En Días color naranja, Llorca abraza una cierta ligereza, juvenil. Lo hace de la mano de un chico que, en 2010, y tras la erupción del volcán islandés de Eyjafjallajökull, se ve obligado a ir de Grecia a Madrid en tren, junto a un grupo de jóvenes que están disfrutando del verano haciendo un viaje en Interrail.

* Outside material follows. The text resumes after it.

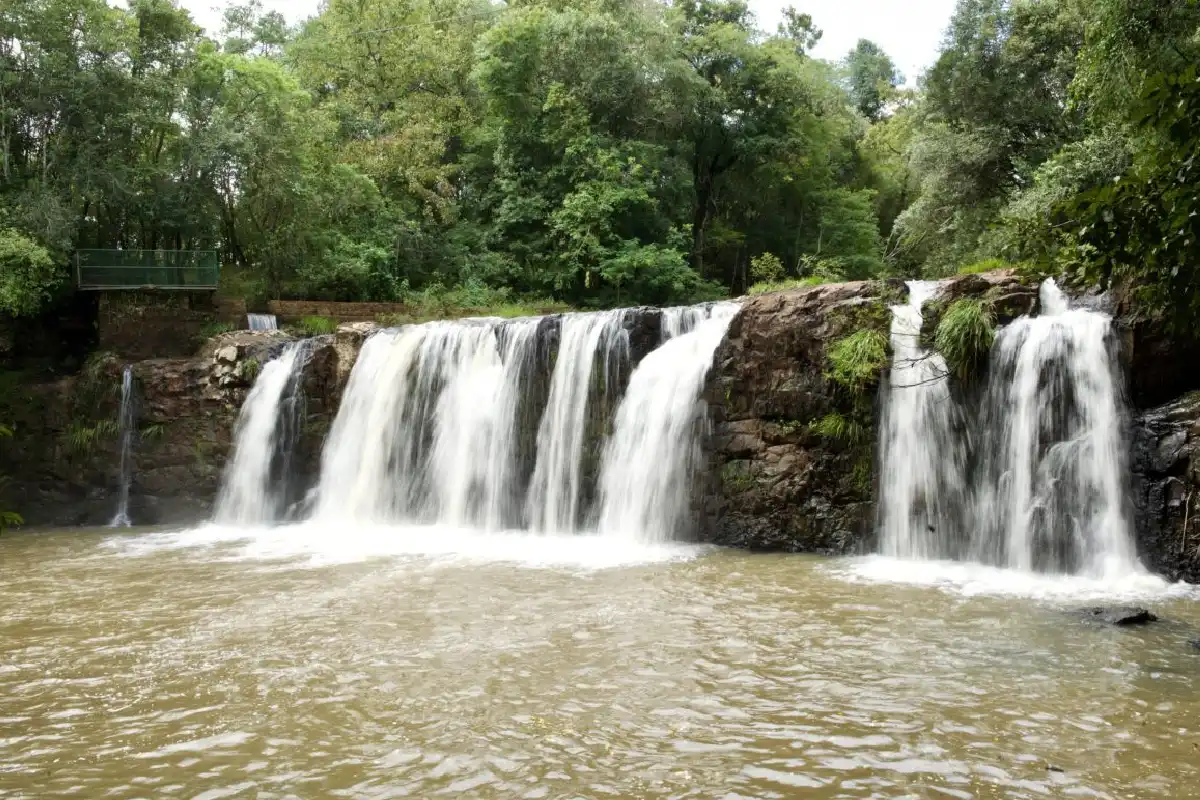Cascada cayendo sobre el agua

“La nostalgia… qué miedo”, dice en un momento de la película un personaje, encarnado por Luis Miguel Cintra. He aquí la hermosura de Días color naranja, que pese a adentrarse en un momento vital que inevitablemente pasará (la adolescencia) y retratar unos tiempos pasados (el viaje en tren, que evidencia las distancias y su temporalidad), tiene algo vivo, en movimiento. Su mirada no resulta nostálgica, sino profundamente presente, vitalista. En este sentido, resultan bellísimas las escenas de Cintra en la casa del padre adoptivo de la protagonista, en las que vemos fotografías de la vida del personaje, que son a su vez los recuerdos del propio Cintra, un actor que tiñe la pantalla de emoción, cuando, por ejemplo, recibe y abraza a la hijastra que no ve desde hace años.

Rodada con pocos medios, sin permisos, en el pequeño compartimento de un tren o en las calles y rincones de una Europa que por momentos es un recuerdo, Días color naranja pone de manifiesto que, quizá, el cine de Pablo Llorca debería llamarse “resistencias”.